From the time I was a little girl and throughout my undergraduate studies, I dreamt of being a professional creative writer. In grade school, I would read every book I could get my hands on. In high school, I scribbled through journals with short stories. In college, I fell in love with poetry. So, how did I end up writing ads, websites and blogs for businesses? No regrets here, I love what I do. Writing web content has helped me become more organized, more efficient and more creative. You may be struggling to maintain your creative energy as a content writer, I’m here to help you create better work.
Think About the Audience
As opposed to creative writing, where you are focused on your creative vision, web content has a specific purpose and audience. Often times, it is something relatively boring and as a content writer, you’re charged with making it interesting. This opens you up to new ideas and concepts you typically would not have considered, writing for people who are nothing like you. If that’s not a creative writing exercise, I don’t know what is.
Additionally, your clients likely already have an established tone of voice for their brand. As a digital marketer, you’ll need to become a chameleon. Changing your voice from client to client can keep things interesting and challenge you to become a better writer.
Stay On Track
The world wide web is an ever-changing place (and quickly, at that), and that means your writing must be timely. Whether you’re responding to a national news event or an update in your industry, you’ll need to be in-tune with the world around you and ready to write at any moment. Most of the time, you’ll have a deadline which keeps you on track. If you’re setting your own deadlines, make them frequent and be diligent about meeting them. Having a schedule makes everything a little bit easier in this crazy world we’re living in.
Better yet, web content should be kept relatively short (between 500-1000 words per blog) so as not to lose anyone’s interest. Forget all the frivolous words, write until you get your point across and then stop writing. Be informative, be concise and be persuasive.

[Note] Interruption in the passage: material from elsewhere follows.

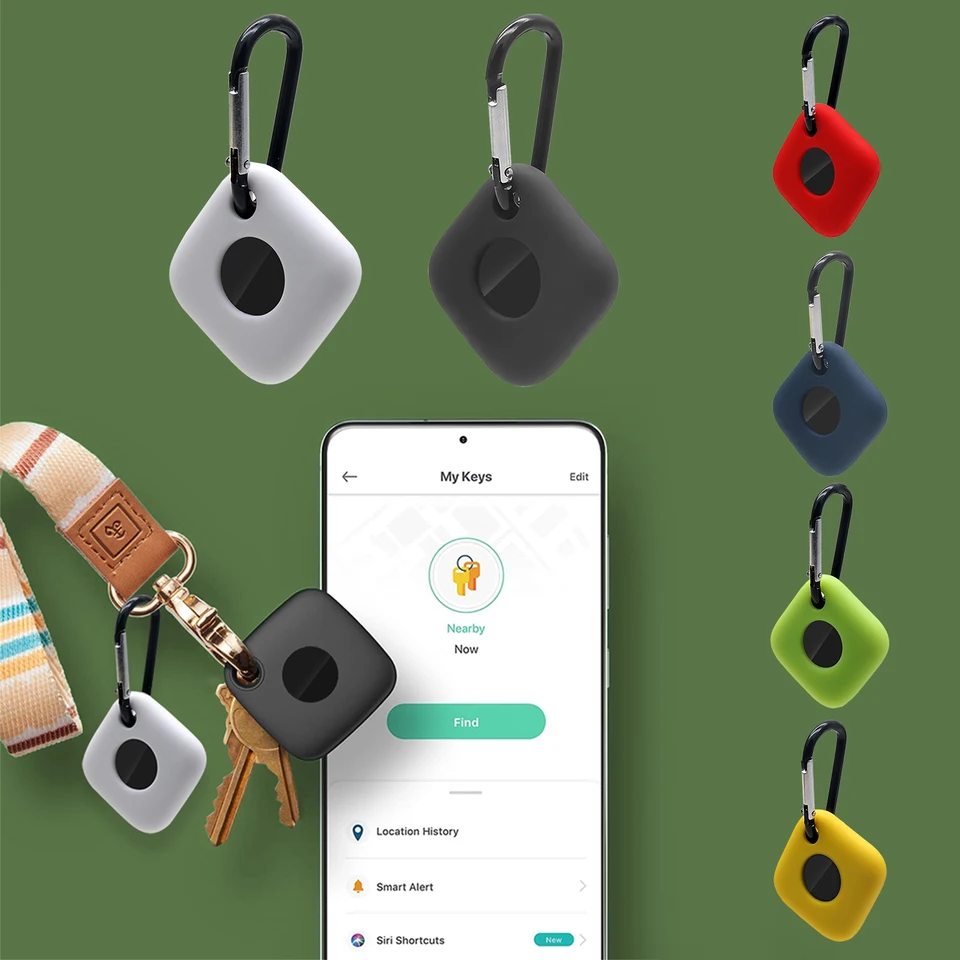 Prípad pre dlaždice Mate 2022 Tracker ochranný silikónový kryt pre dlaždice Tracker Anti-Scratc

If you’re a creative writer, you’re likely familiar with the concept of workshopping and taking in constructive criticism. In web writing, this is something that we do all of the time with A/B testing. Thankfully, it’s much less of a blow to the ego than a creative writing workshop when one of your ads is underperforming compared to another. Whether it’s an ad or website, A/B testing is the best way to see which version of your writing is more effective. This can help you understand what your audience is looking for, helping you improve your writing in the future.
Working at an agency is one of the most creative jobs out there, and also requires a ton of writing. Don’t feel like you’re “selling out” if you decide to dive into the versatile world of digital marketing. Remember, as Ogilvy said, “Advertising is only evil when it advertises evil things.”